Я поблагодарил за еду и за чай, встал и пошел в комнату, в которой проснулся. Она была похожа на мою комнату в квартире Давида. Мебели мало: диван, шкаф, стол, стул, две полочки на стене над столом. Обои какого-то бледно-зелёного цвета и опять ковёр. Увидел свою одежду, она лежала на стуле. Я начал рыться по карманам в поисках телефона. Телефон был найден, включив его, я сразу набрал маму. Позвонил раз, потом второй, потом третий – не берёт. Единственное, что мне приходило на ум, это то, что она в больнице, а телефон лежит дома. Не знаю уже из-за чего мне беспокоиться. Из-за мамы, из-за убийства, или из-за того, что я нахожусь непонятно где.
Я узнал у Викторовича, в каком мы районе, но ехать на квартиру Давида не хотел. Я вообще ничего не хотел. От полного непонимания, я оделся, плюхнулся на кровать и закурил (в одном из карманов я нашёл пачку «Мальборо», там была последняя сигарета). После пары затяжек, зашёл Викторович и громко сказал:
– В моём доме не курят! Сейчас же выброси эту дрянь!
– И-и-извините, – задыхаясь от дыма, сказал я, – я т-тушу, тушу.
Почему-то мне показалось, что я в квартире Давида, из-за этого и закурил. Уж больно похожи эти комнаты. Затушив сигарету о пачку, я открыл окно и выкинул.
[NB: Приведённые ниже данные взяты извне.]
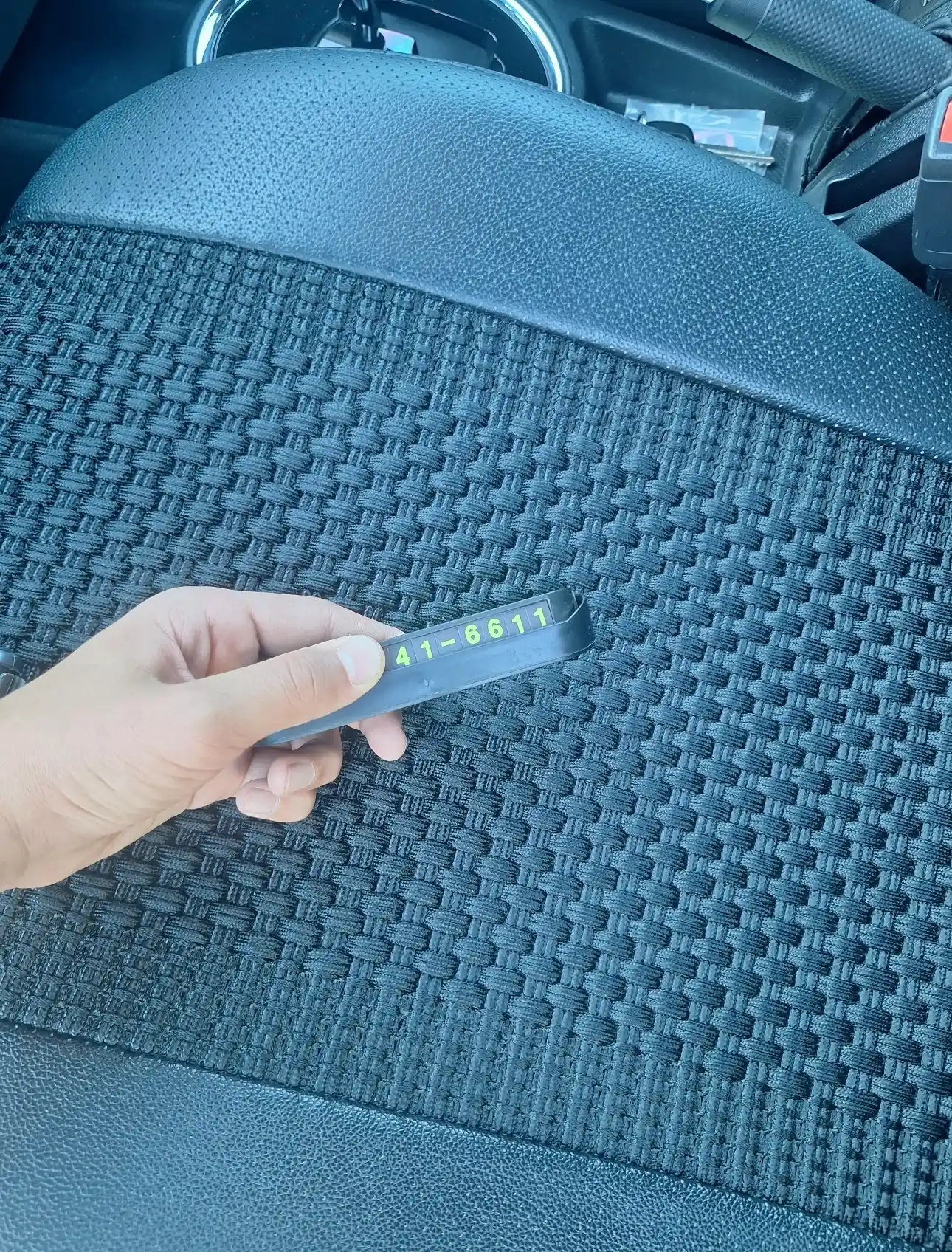 Avtomobil uchun telefon raqami korsatkichi,parkovka uchun avtovizitka,qorong'uda ko'rinadi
Я попросил у Викторовича, побыть у него ещё пару часиков, чтобы остаточно прийти в себя. Он согласился и вышел с комнаты. А в моей голове, всё больше и больше было мыслей о тюрьме. Я думал о том, как мне избежать всего этого, хотя раньше, я осуждал убийц и придерживался мнения, что все преступники должны понести наказания. «Если бы я кого-то убил, я бы сам пошёл в тюрьму, всё должно быть по справедливости» – думал я раньше. Но теперь, когда я не просто человек, который смотрит новости о убийствах и о том, как преступники пытаются убежать от наказания, а сам преступник и убийца, я начал думать совсем по-другому. Думаю, каждый бы начал думать по-другому, и никто бы сам не сунулся в тюрьму, даже самый справедливый человек. И вообще, я не совсем-то и виновен, учитель первый начал тот скандал, первый полез толкать меня, я просто оборонялся. Да и умер он не сразу, а уже в реанимации, это врачи сделали ошибку. Да, точно, виновны врачи.
Я передумал кучу вариантов о том, как избежать наказания, вспоминал разные фильмы о преступниках. Тут мне пришёл в голову сюжет из фильма «Пролетая над гнездом кукушки», и я решил – надо ложиться в психиатрическую больницу. Мне показалось это гениальной идеей, нужно было сегодня же туда ехать.
Прошло где-то часа два, пока я лежал и думал о своей дальнейшей жизни. Я уже представлял, как я живу в больнице, хожу в белой пижаме, принимаю какие-то таблетки, выхожу на прогулку со всеми, и всё вроде не плохо – уж лучше, чем в тюрьме. Одно было только странно, почему мне никто не звонит по поводу убийства, до сих пор. Достав телефон с кармана, я увидел, что он разрядился, ну понятно, что на разряженный телефон никто не позвонит. Местонахождения моего никто не знает, отлично.